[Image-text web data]
══════

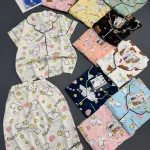 Đồ bộ nữ pijama tay ngắn quần Lửng mango viền MT-9579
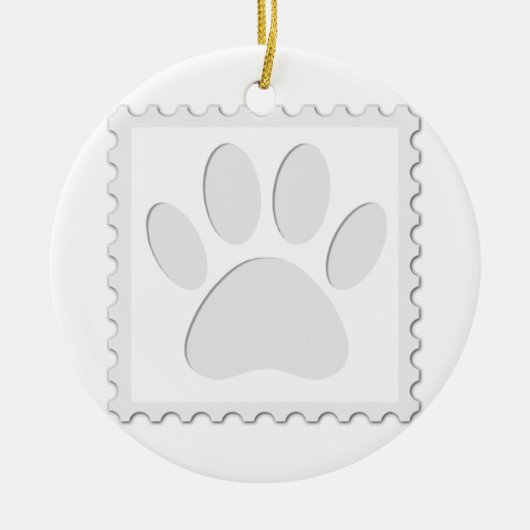 Afdrukken Dog Paw Uitknippen Keramisch Ornament (Voorkant)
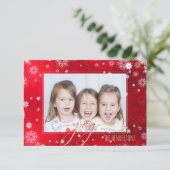 PixDezines Kerstvakantie foto/kalligrafie Kaart (Staand voorkant)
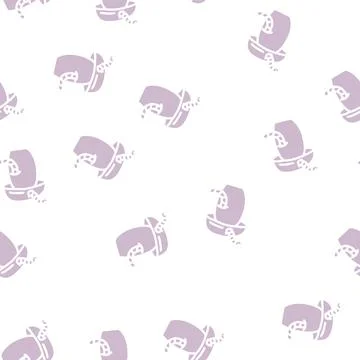 Worm mushroom glyph vector seamless pattern 스톡 일러스트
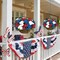 6 Bundles Red White Blue Artificial Outdoor Flowers, Silk Patriotic Floral UV Resistant Fake Geraniums Bouquets for Memorial, 4th of July Cemetery Decor Outdoor Porch Garden Decoration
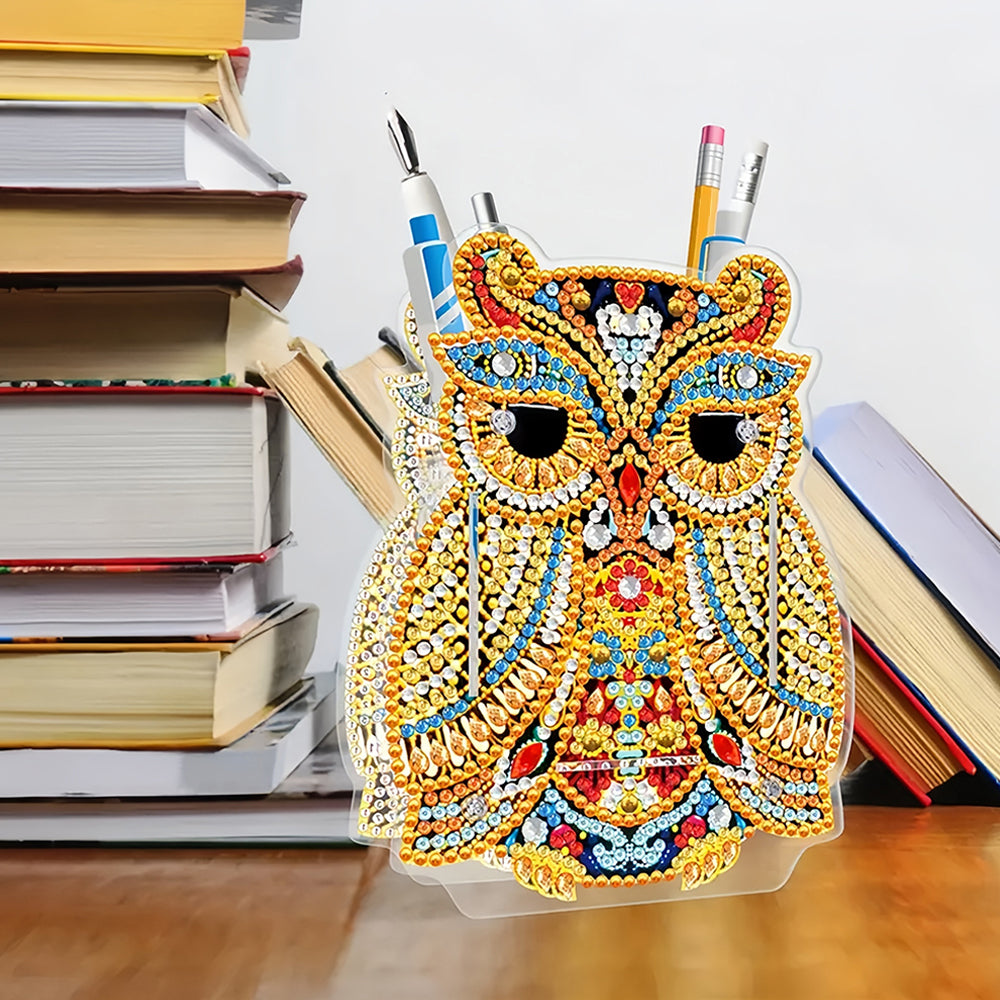 Porte-Stylo Hibou Doré Broderie Diamant
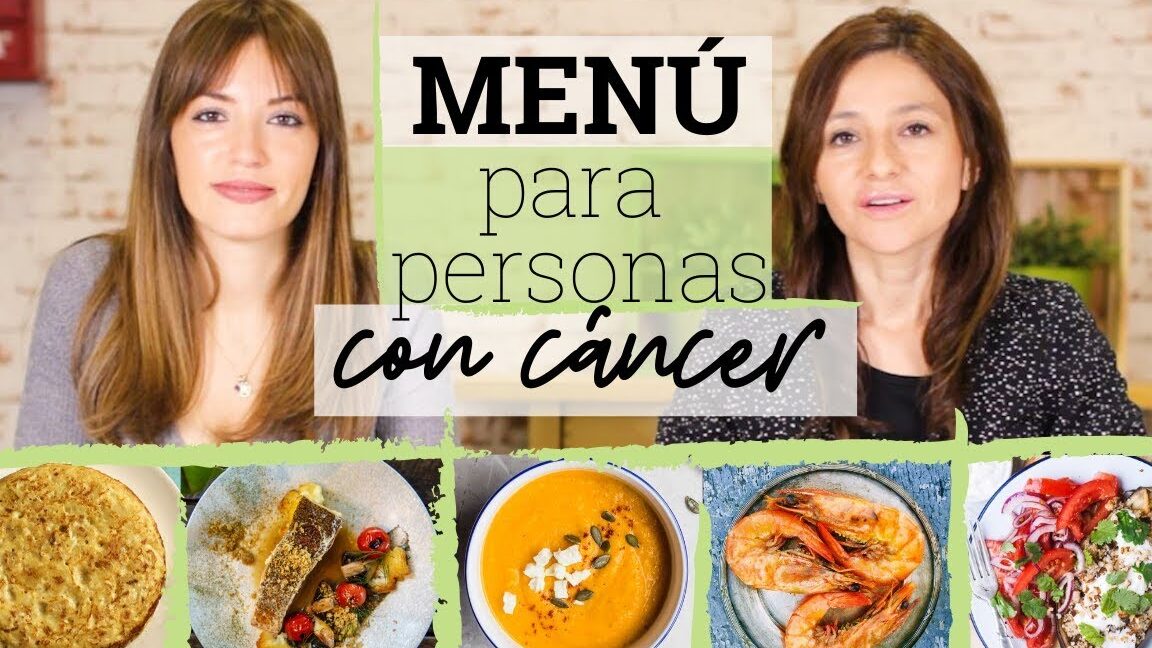 Dos presentadoras frente a un cartel 'MENÚ para personas con cáncer' y varios platos, incluyendo gambas, ilustrando todo lo que debes saber sobre que comen las gambas alimentacion dieta y habitos alimenticios.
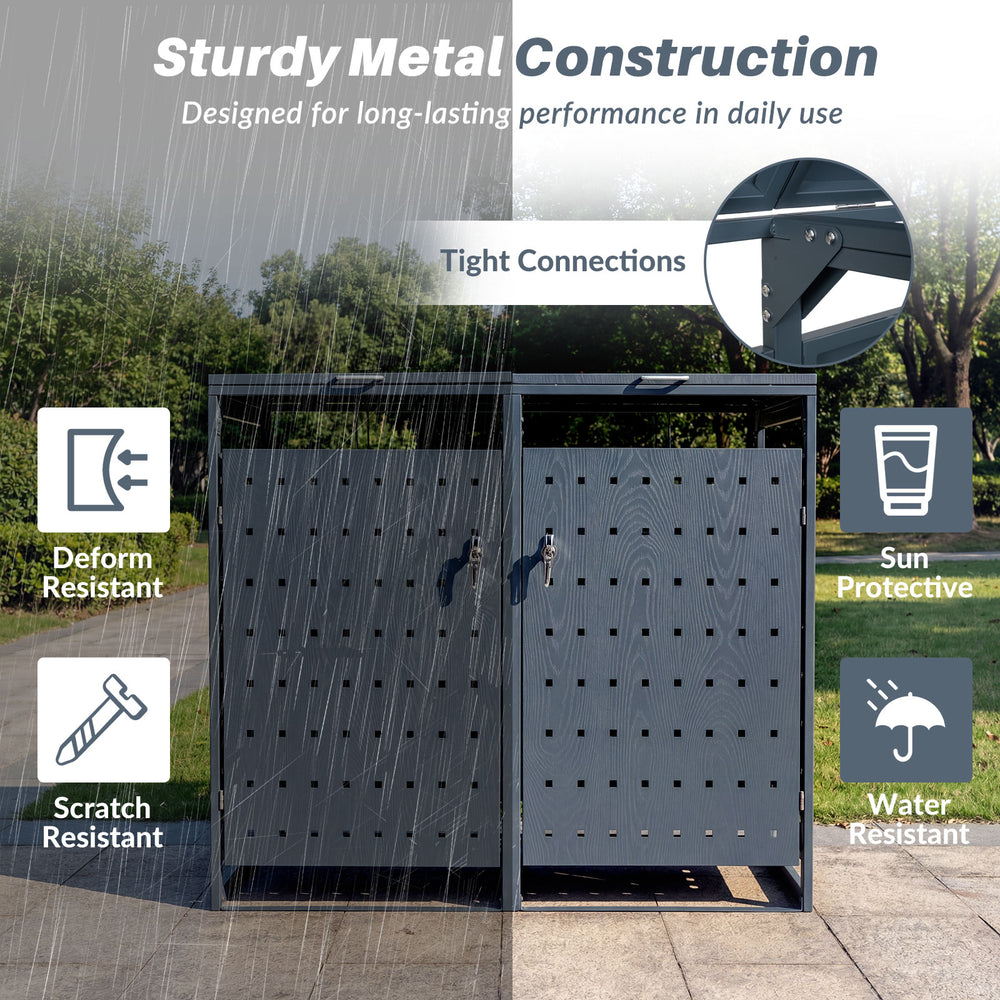 Outdoor metal garbage bin storage shed for 2 trash cans, gray, featuring sturdy construction and wide-opening front.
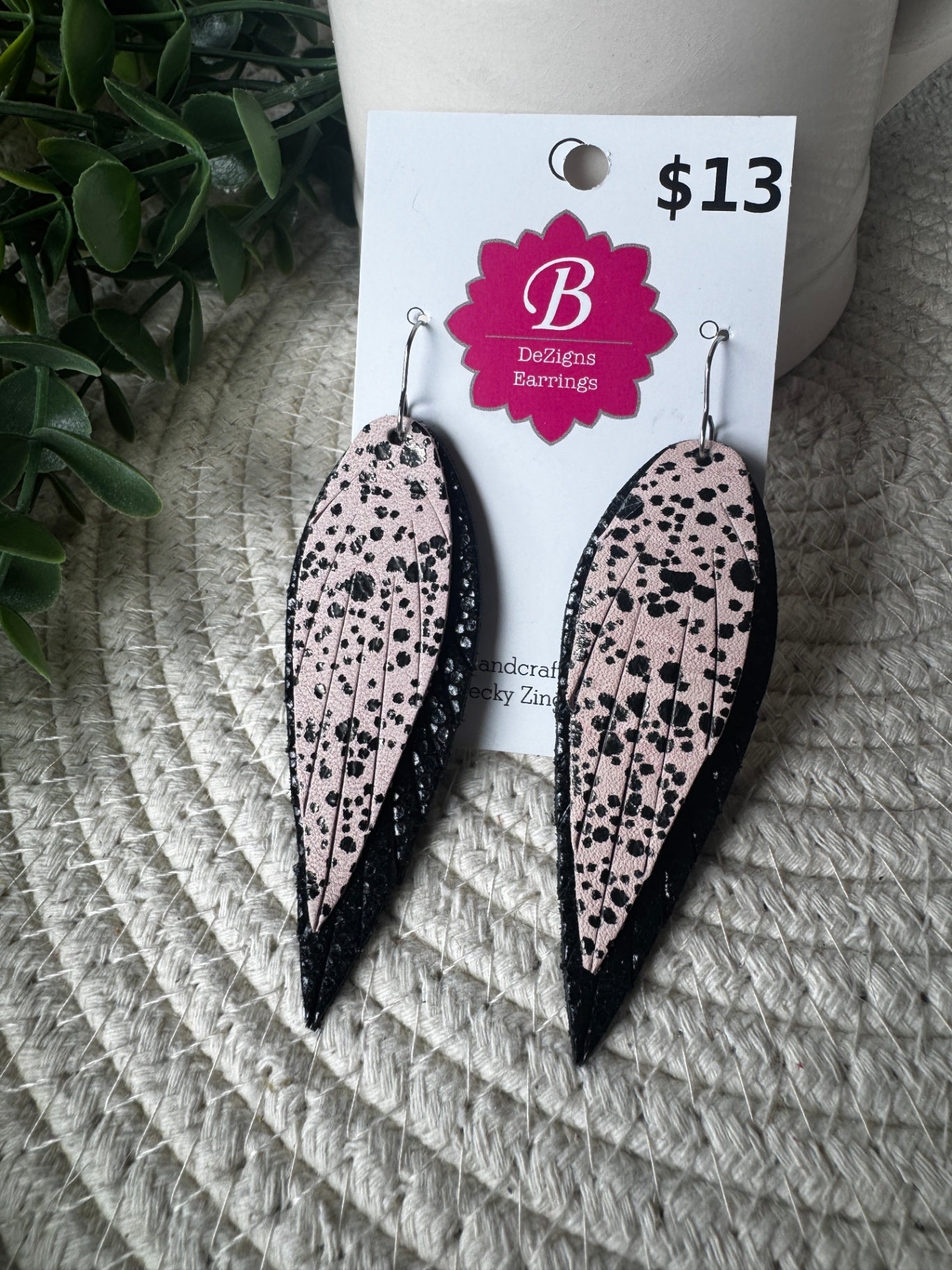 071 - Blush & Metallic Black Speckled Layered Feather Earrings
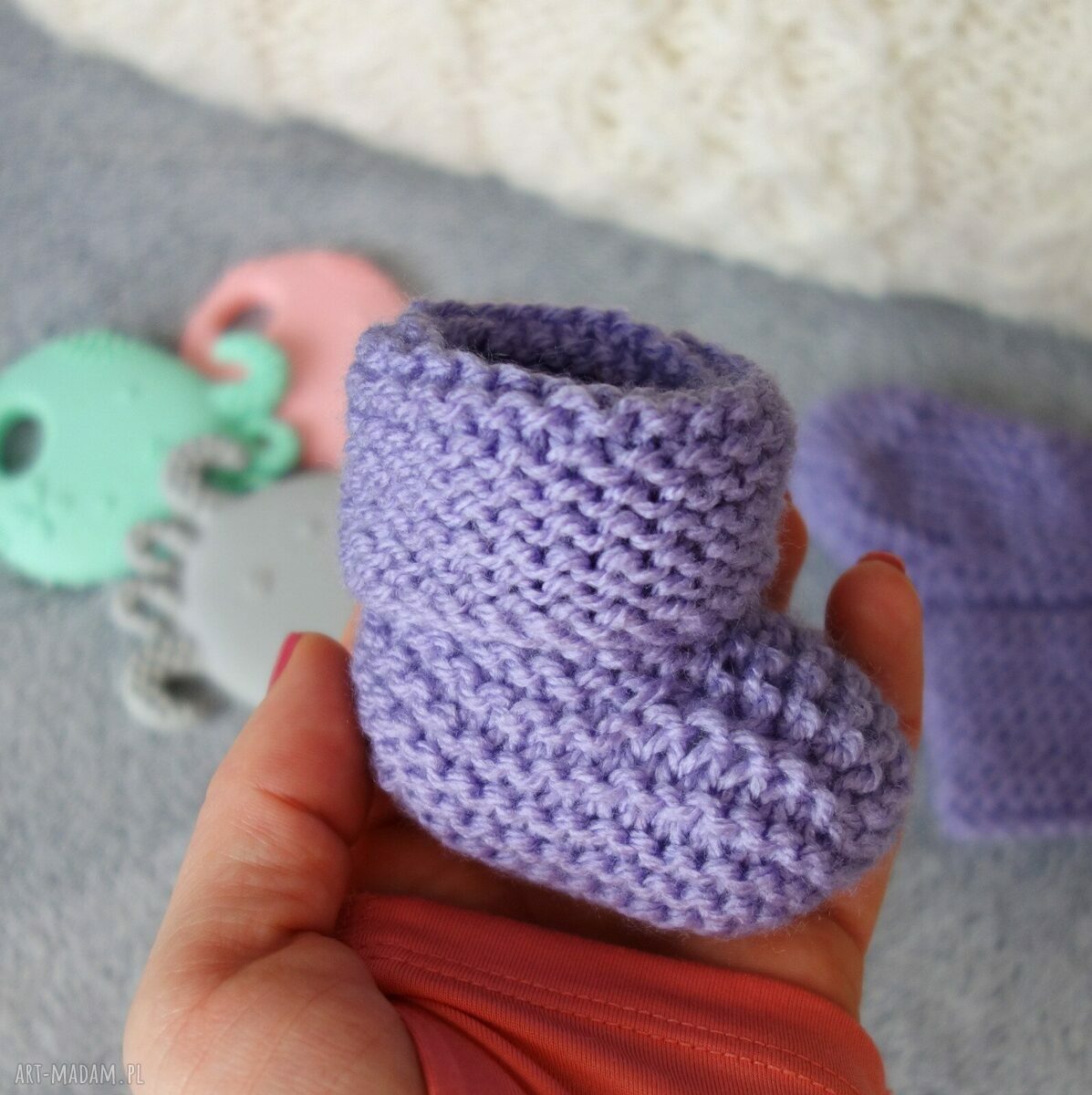 Sarpetki Newborn - ręcznie robione buciki dla noworodka z wełny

══════

-- What is being asked --
Reproduce, word for word, the lines from the one containing "071 - Blush" through the final line above. Leave every picture out.

-- Response --
 071 - Blush & Metallic Black Speckled Layered Feather Earrings
 Sarpetki Newborn - ręcznie robione buciki dla noworodka z wełny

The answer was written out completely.